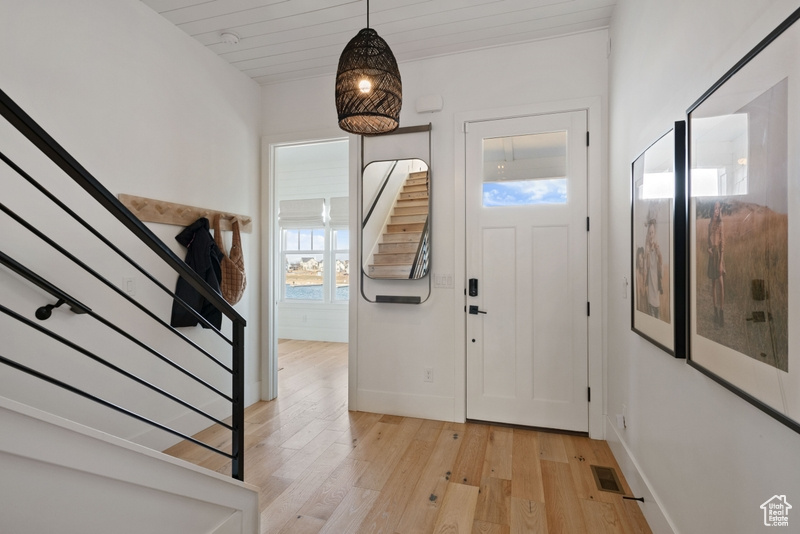 Foyer entrance with stairway and light wood-style floors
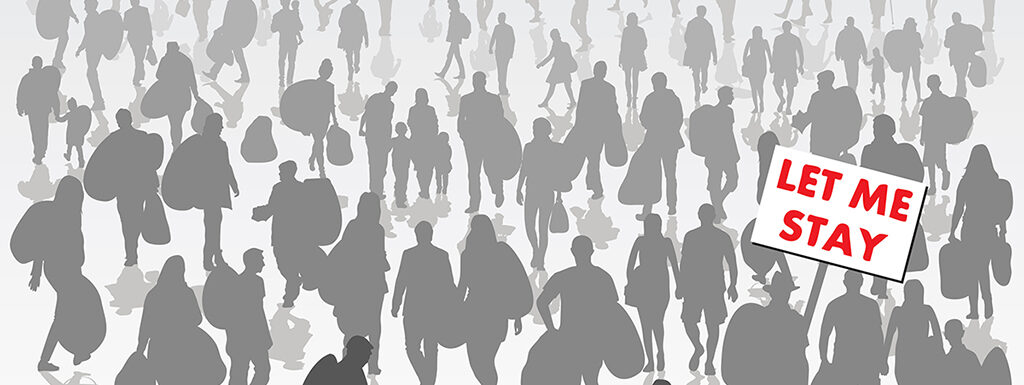 Crowd of displaced people isolated on background with one holding sign with red lettering saying "Let Me Stay"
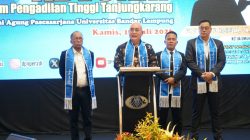 Ketua Divisi Seminar IKA FH Unila, Sukarmin (berdiri di podium) dalam kegiatan tahapan pelantikan dan pembekalan yang digelar DPN PERADI di Mahligai Universitas Bandar Lampung. (FAKTANASIONAL/HO).
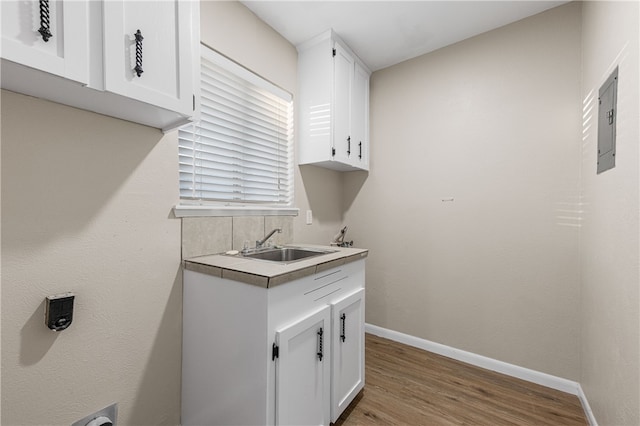 laundry area with cabinets, sink, light hardwood / wood-style flooring, and electric panel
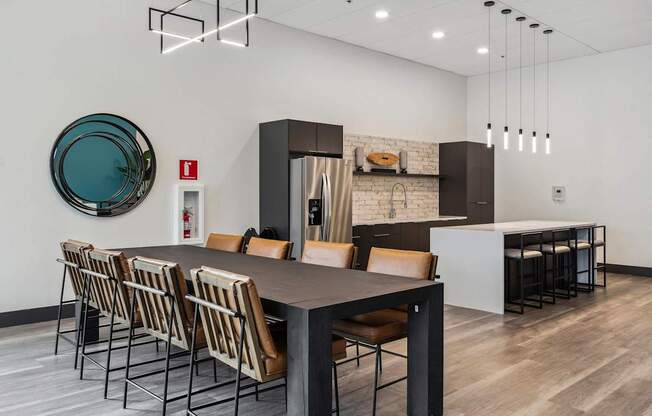 A modern dining room with a long table and chairs.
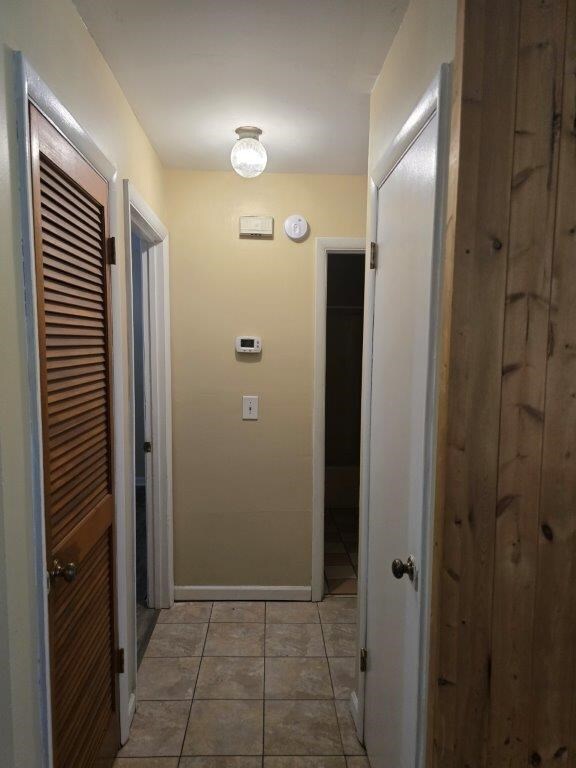 826 Old Newton Rd, Daleville, AL 36322 - hallway with baseboards and light tile patterned flooring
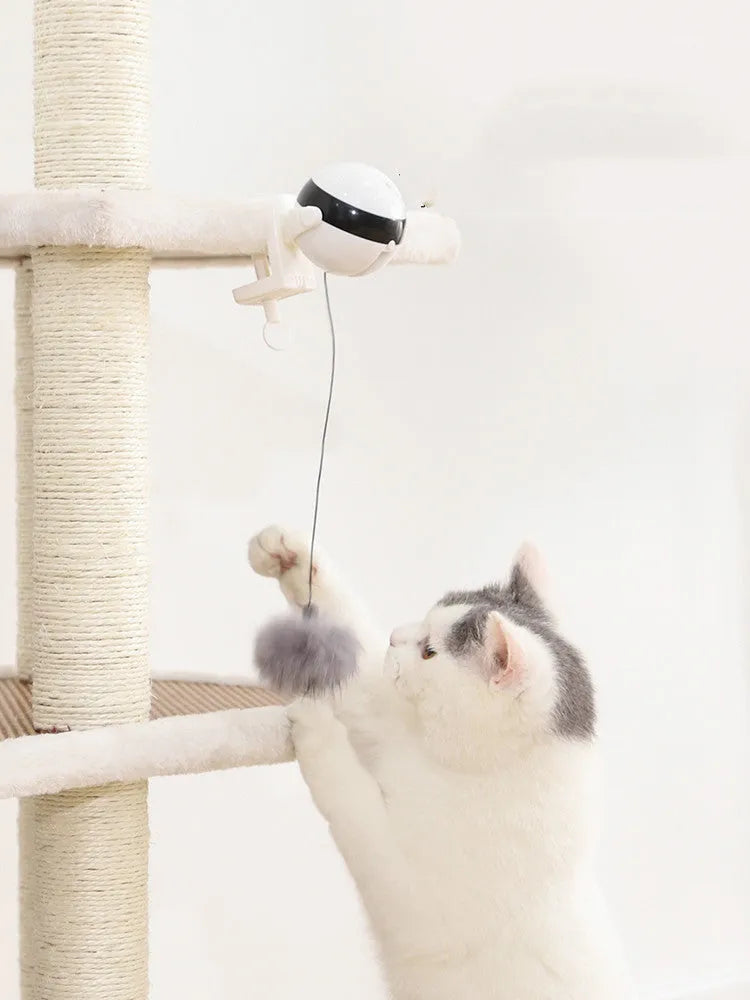 Electric automatic lifting cat toy with rabbit hair teaser and black ABS body on a light floor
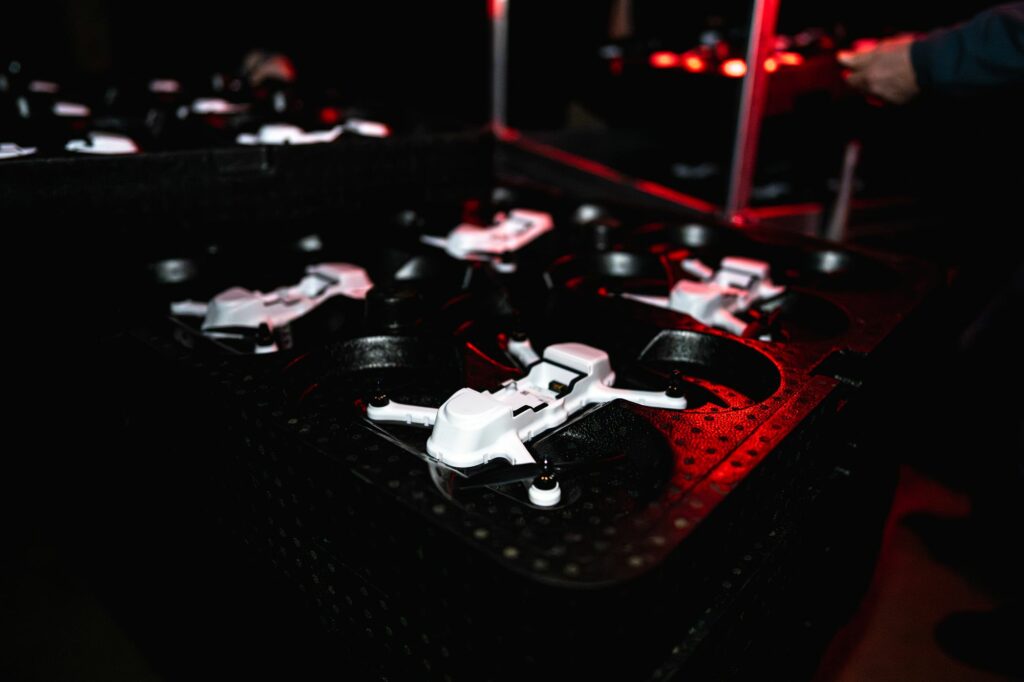 Drones blancs dans leurs mallettes sous une lumière rouge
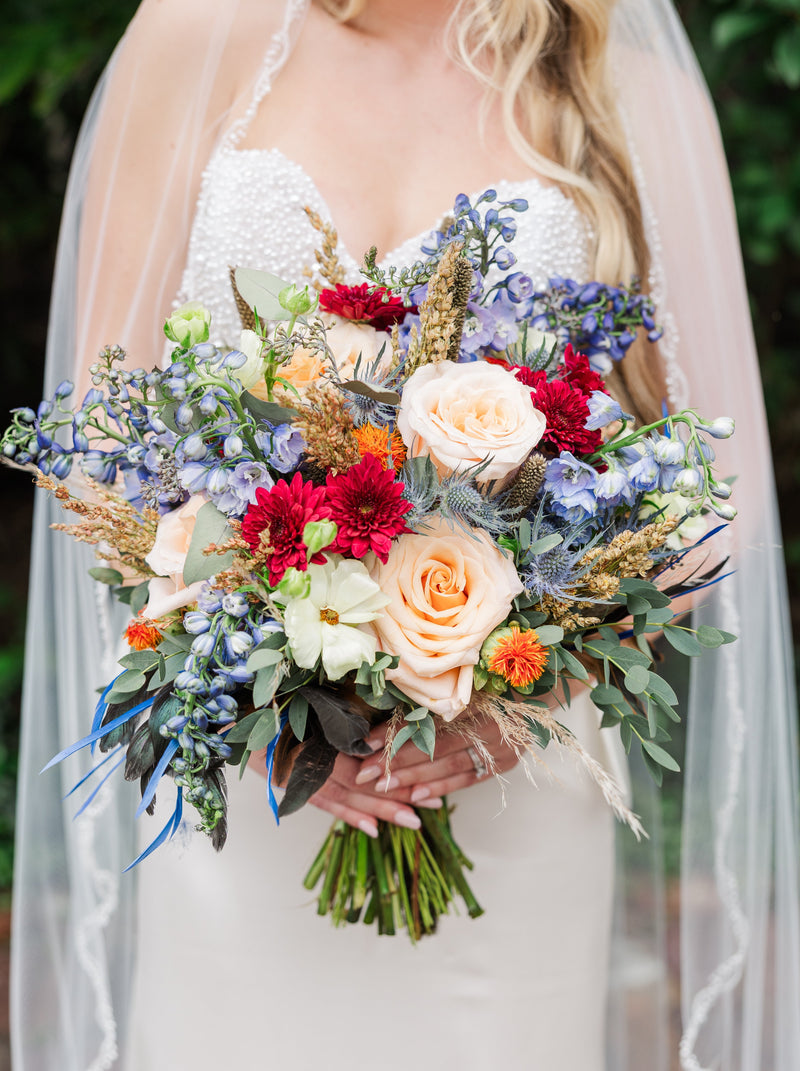 Bride holding a colorful bouquet of flowers with a veil and greenery in the background
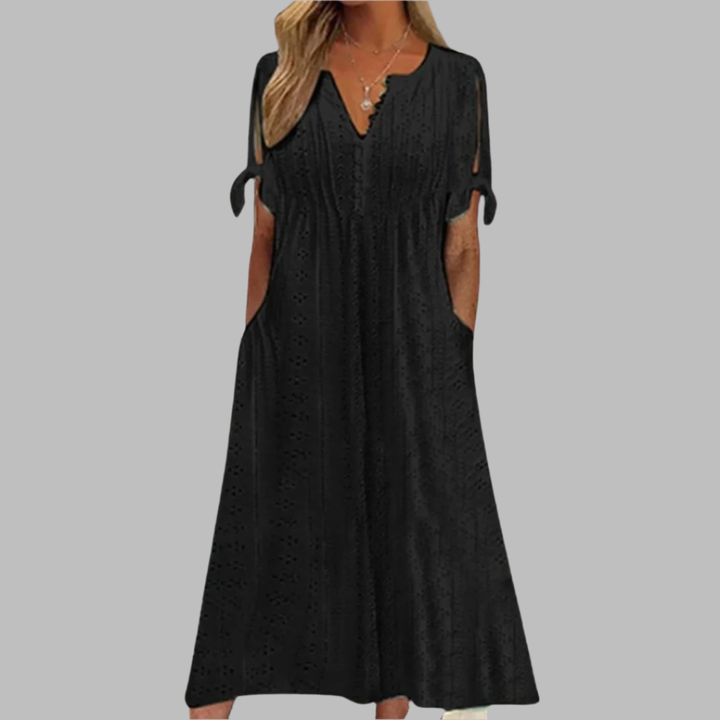 Flowy Boho Summer Midi Dress for women, featuring a delicate design, pockets, and short sleeves. Ideal for garden parties.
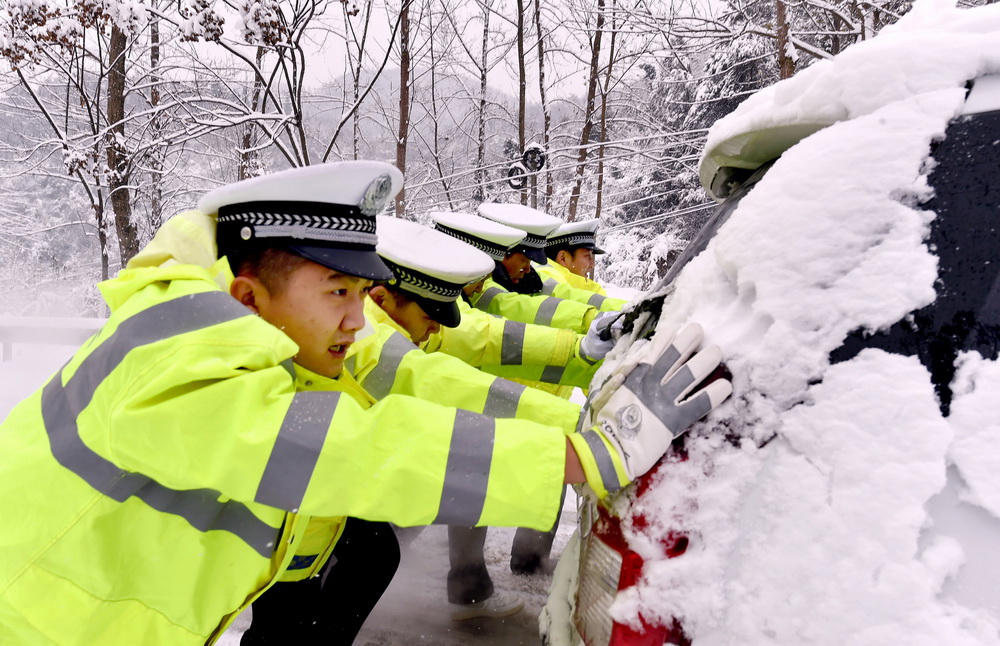 1月4日，在湖北省襄陽市南漳縣，交警在雪中推車。 新華社發（熊明銀 攝）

++++

The answer must be the lines of the entries above, written out exactly from the first through the one with "Electric automatic lifting", and no pictures.

 Foyer entrance with stairway and light wood-style floors
 Crowd of displaced people isolated on background with one holding sign with red lettering saying "Let Me Stay"
 Ketua Divisi Seminar IKA FH Unila, Sukarmin (berdiri di podium) dalam kegiatan tahapan pelantikan dan pembekalan yang digelar DPN PERADI di Mahligai Universitas Bandar Lampung. (FAKTANASIONAL/HO).
 laundry area with cabinets, sink, light hardwood / wood-style flooring, and electric panel
 A modern dining room with a long table and chairs.
 826 Old Newton Rd, Daleville, AL 36322 - hallway with baseboards and light tile patterned flooring
 Electric automatic lifting cat toy with rabbit hair teaser and black ABS body on a light floor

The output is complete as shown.